Sales Training: Cancel 2012 Sales Kickoff Meeting - Too much risk
The annual sales kickoff is often seen as a venue to conduct sales training. Our firm has participated in over 200 of these in the past 5 years. Our research shows it will cost you a minimum of 2% towards your 2012 revenue goal. You should cancel it because there is not enough ROI.
Cost Breakdown
- Sales reps have 2000 hours /year (50 weeks x 40 hours/week)
- Sales Kickoff is a week . (1 day to travel in, 2.5-3 days of meeting, 1 day to travel home)
- You have now burned one of those available weeks on SKO or 2% (40 hours is 2% of 2000)
- Assume 1MM quota for easy math.
- 2% or 20K in topline revenue
- Assume a sales force of 250 people
- 250 x $20,000= 5MM in topline revenue.
- $500,000 for sales force (2Kper head to attend---$500 plane ticket, $1500 food, hotel, transportation for 4 days)
- Speakers, AV, Conference rooms (50K)
- For a group of 250 people, you have sacrificed 5MM in topline and at least 500K in bottom line.
This is too much risk. Now you may be saying:
- “Hold on; we have big news and this is our venue”
- “We need to get the group together to give out quotas and comp plans”
- “We always get the group together once per year; this would be a morale drain”
- “We do training at this event”
If you want to eliminate the risk and guarantee an ROI, focus the meeting on 1 thing: 2012 Sales Strategy. To do this, here are five best practices and the timeline to do them to help you prepare:
#1 – Identify - where is your sales force on the Sales Management Maturity Model. Where is your industry, competitors, products and sales force? (Oct 1- Nov 1) Identify
#2 – Align - Ensure the sales strategy and corporate strategy are connected. Connect these two in a meaningful way with each of the key functional groups and have them attend the kickoff. Lean on them to present their area of expertise in bringing the strategy to fruition. (Nov 1-Dec 1)

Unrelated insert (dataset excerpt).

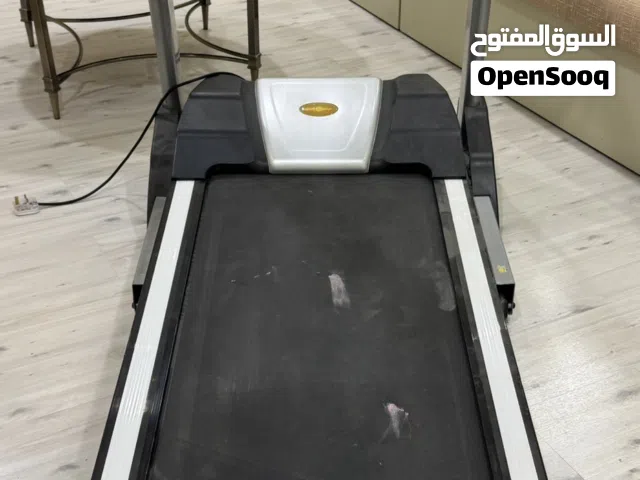 سير و تمارين بطن و ارضيه فنيل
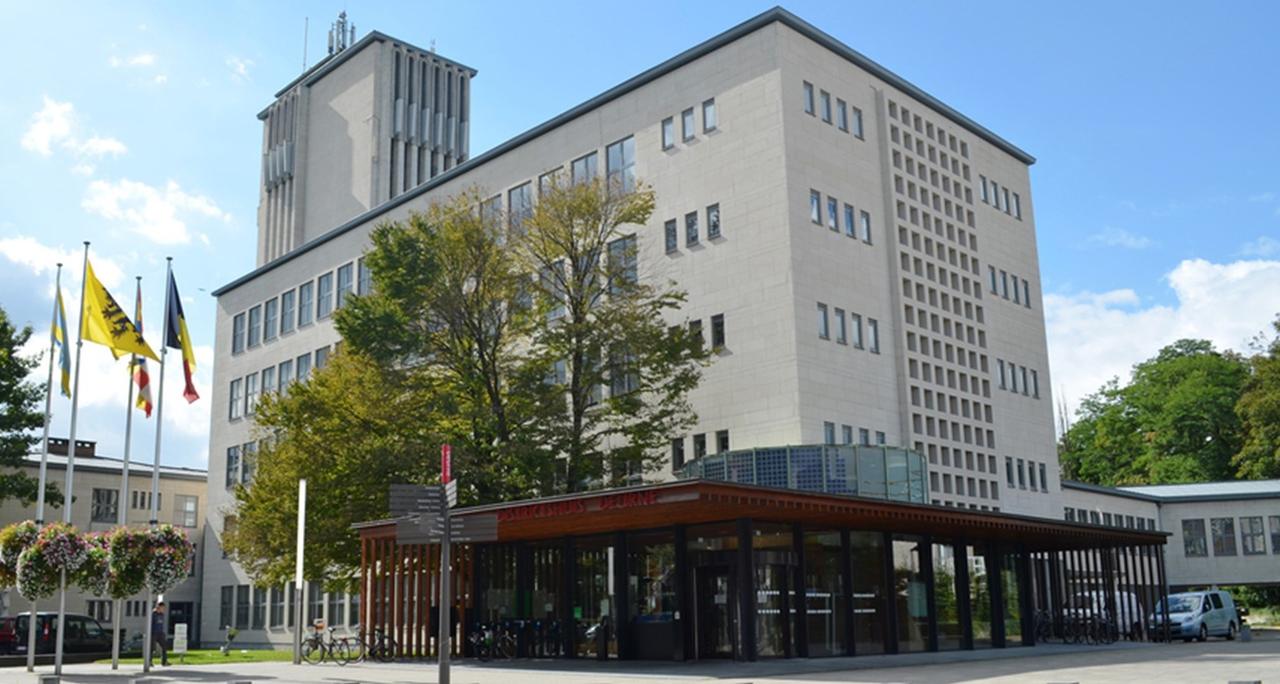 Persconferentie: Bureau voor Integriteit geeft gevolg aan ongeoorloofde onkosten districtsraadsvoorzitter Geudens (Vooruit)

#3 – Publish - declare the investments you will be making to the sales force. There are two types:
- People—announce how you will be investing in them. How will their sales training be improved? How will their career path advance in 2012? (Dec 1- Jan 1 via email, text, internal communication—announce some teasers; make it a big deal)
#4 - Cancel keynote speakers - the only outside attendees you should have should be linked to your sales strategy and 2012 sales improvement efforts. A new speaker for 90 minutes that the team has never met and will never see again has no ROI. These are tactics of the past that have proven to never move the number.
#5 - Celebrate Failure - talk about 2011’s failures. Where did you miss and why? We often see leaders shy away from this public transparency. The sales force knows what you didn’t get done; open up and share what you learned. This level of vulnerability will endear them to your strategy.
Call To Action
You cannot afford to host a meeting without an ROI. If you go ahead, follow the plan above and it will be a hit; I have seen many that have. If you are on the fence, cancel it and reinvest these sales training dollars and employee hours where an ROI is guaranteed.